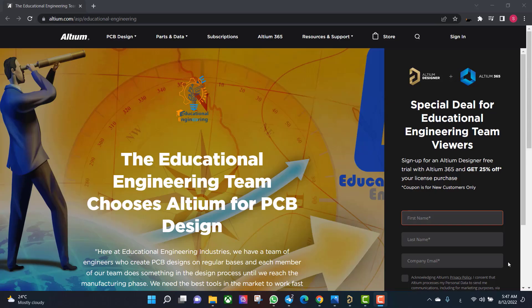Get a free copy of Altium software using the link provided in this video description. When you sign up for an Altium Designer free trial, you will get an Altium 365 account and 25% off discount.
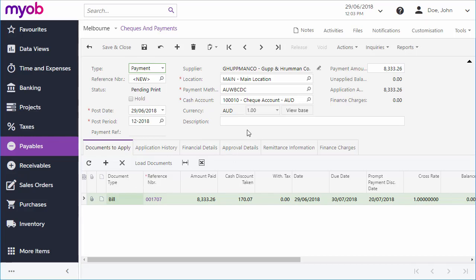As with most other areas in the MYOB Advanced System, you can set up an approvals process for payments. If a payment requires approval, this must be done by a user with the right privileges, then the payment can be processed.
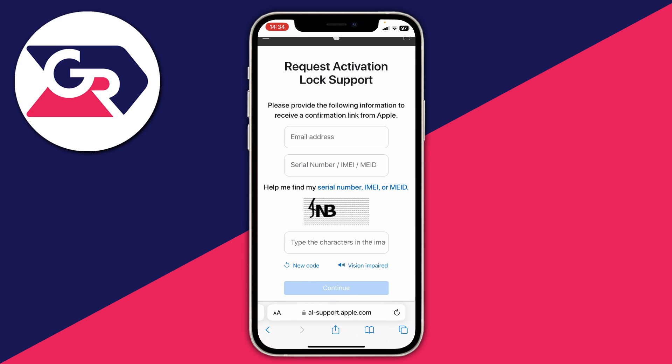After you've filled in all the information, Apple will be reviewing it and then they'll send you an email to the address you entered at the start of the form. That email will give you information on what the next steps are and whether they can unlock it for you. Apple has done this for the consumer's benefit in general, as it reduces phones and Apple devices being stolen.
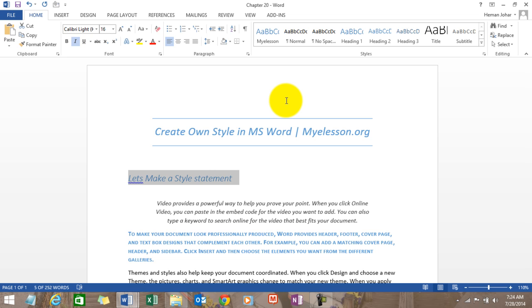Check out the description at the bottom of the video and you'll see a link to the training file of this video. Go ahead and download it, create your own style, give it a name.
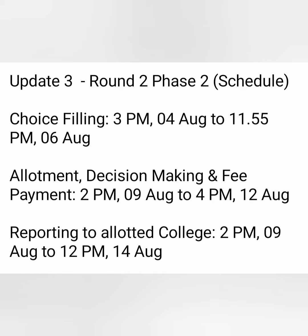The third update is the schedule for Round 2 Phase 2. Choice filling for Phase 2 of Round 2 will start from 4th August to 6th August, between 3pm to 12pm — three days are given. After 6th August, choice filling will be closed and the seat allotment for Round 2 Phase 2 will be on 9th August. You have to make your decision between 9th August to 12th August, and during that time you have to pay the fees if you are making the payment for the first time or if you did not get a seat in Round 1.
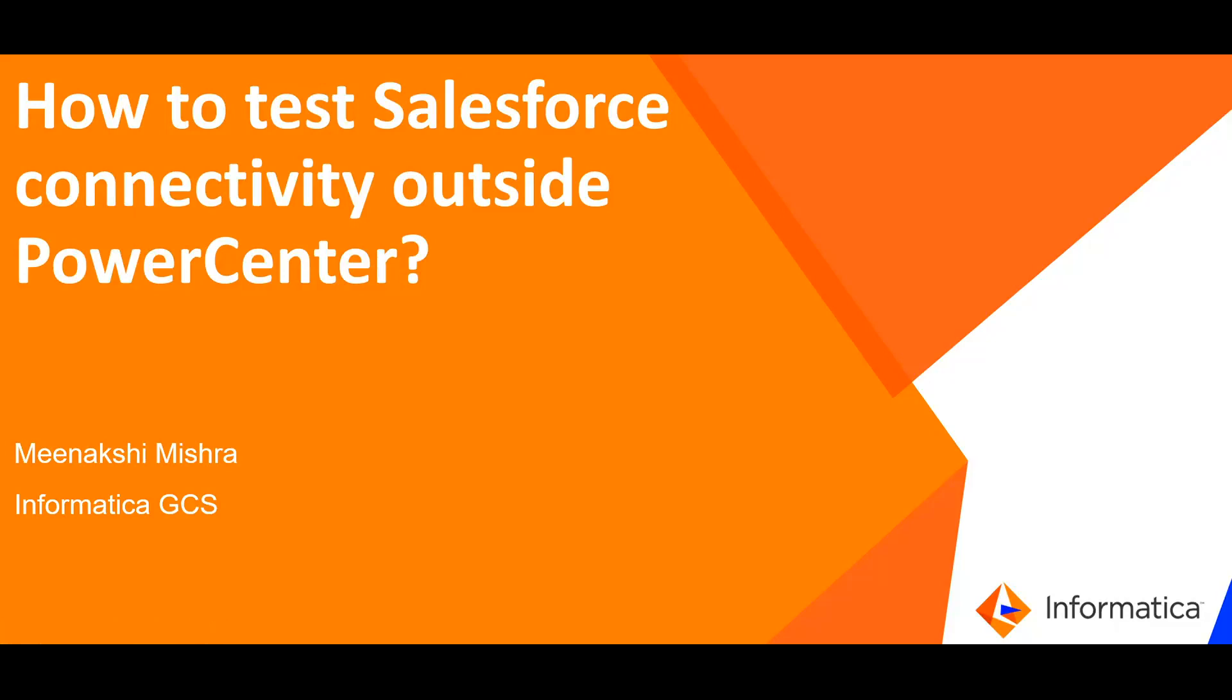Hi, I am Meenakshi Mishra from Informatica GCS. In this video, we will see how to test Salesforce connectivity outside Informatica PowerCenter.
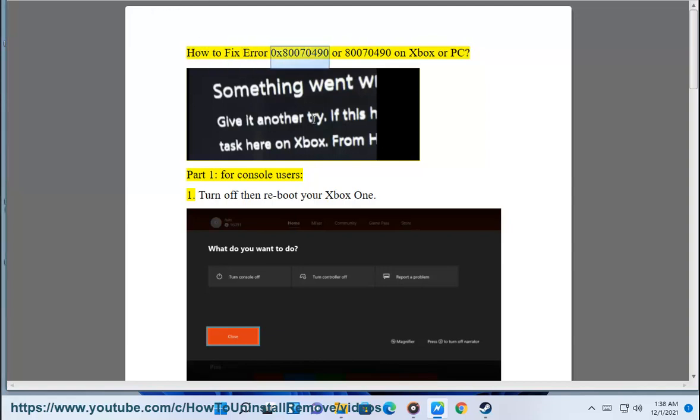How to fix error 0x80070490 or 80070490 on Xbox or PC. Part 1: for console users.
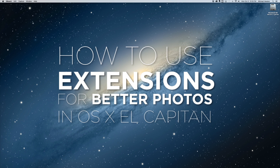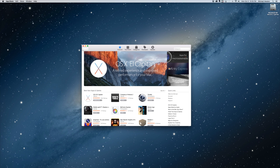For Mac users, the Photos app might be the easiest way to edit and organize your images. With OSX El Capitan, you can now add different kinds of editing tools from third-party apps with something called extensions.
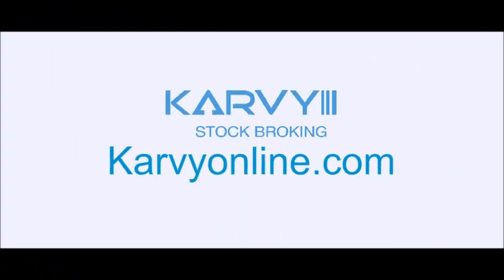Hi, in this session we will show you how to create market watch, add scripts, place orders, check order book, trade book, etc.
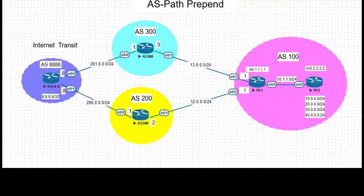Welcome back. In this video we are going to explain and implement BGP AS-Path prepend feature.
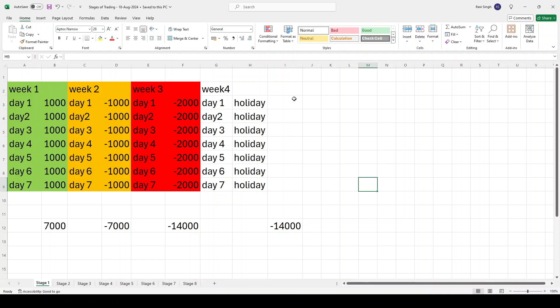I know Monday to Friday is five days, but for the sake of simplicity I have calculated it differently. There are four weeks in a month, one week is for holidays and the remaining three weeks we trade. So week one will have seven days, week two will have seven days, week three will have seven days, and week four will be a holiday.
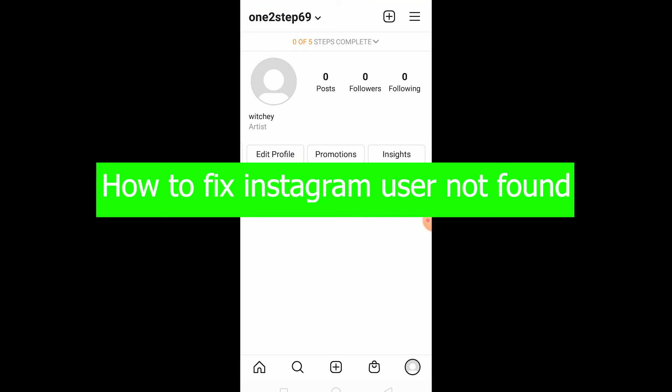Another thing that could cause this is if you're typing the username incorrectly. Make sure to double check that the username is correct before searching, because sometimes you type the wrong username and it shows 'user not found.'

ASSIGNMENT
The whole listing is to be duplicated verbatim, apart from its images.

TASK ANSWER
Get a free copy of Altium software using the link provided in this video description. When you sign up for an Altium Designer free trial, you will get an Altium 365 account and 25% off discount.
As with most other areas in the MYOB Advanced System, you can set up an approvals process for payments. If a payment requires approval, this must be done by a user with the right privileges, then the payment can be processed.
After you've filled in all the information, Apple will be reviewing it and then they'll send you an email to the address you entered at the start of the form. That email will give you information on what the next steps are and whether they can unlock it for you. Apple has done this for the consumer's benefit in general, as it reduces phones and Apple devices being stolen.
Check out the description at the bottom of the video and you'll see a link to the training file of this video. Go ahead and download it, create your own style, give it a name.
The third update is the schedule for Round 2 Phase 2. Choice filling for Phase 2 of Round 2 will start from 4th August to 6th August, between 3pm to 12pm — three days are given. After 6th August, choice filling will be closed and the seat allotment for Round 2 Phase 2 will be on 9th August. You have to make your decision between 9th August to 12th August, and during that time you have to pay the fees if you are making the payment for the first time or if you did not get a seat in Round 1.
Hi, I am Meenakshi Mishra from Informatica GCS. In this video, we will see how to test Salesforce connectivity outside Informatica PowerCenter.
How to fix error 0x80070490 or 80070490 on Xbox or PC. Part 1: for console users.
For Mac users, the Photos app might be the easiest way to edit and organize your images. With OSX El Capitan, you can now add different kinds of editing tools from third-party apps with something called extensions.
Hi, in this session we will show you how to create market watch, add scripts, place orders, check order book, trade book, etc.
Welcome back. In this video we are going to explain and implement BGP AS-Path prepend feature.
I know Monday to Friday is five days, but for the sake of simplicity I have calculated it differently. There are four weeks in a month, one week is for holidays and the remaining three weeks we trade. So week one will have seven days, week two will have seven days, week three will have seven days, and week four will be a holiday.
Another thing that could cause this is if you're typing the username incorrectly. Make sure to double check that the username is correct before searching, because sometimes you type the wrong username and it shows 'user not found.'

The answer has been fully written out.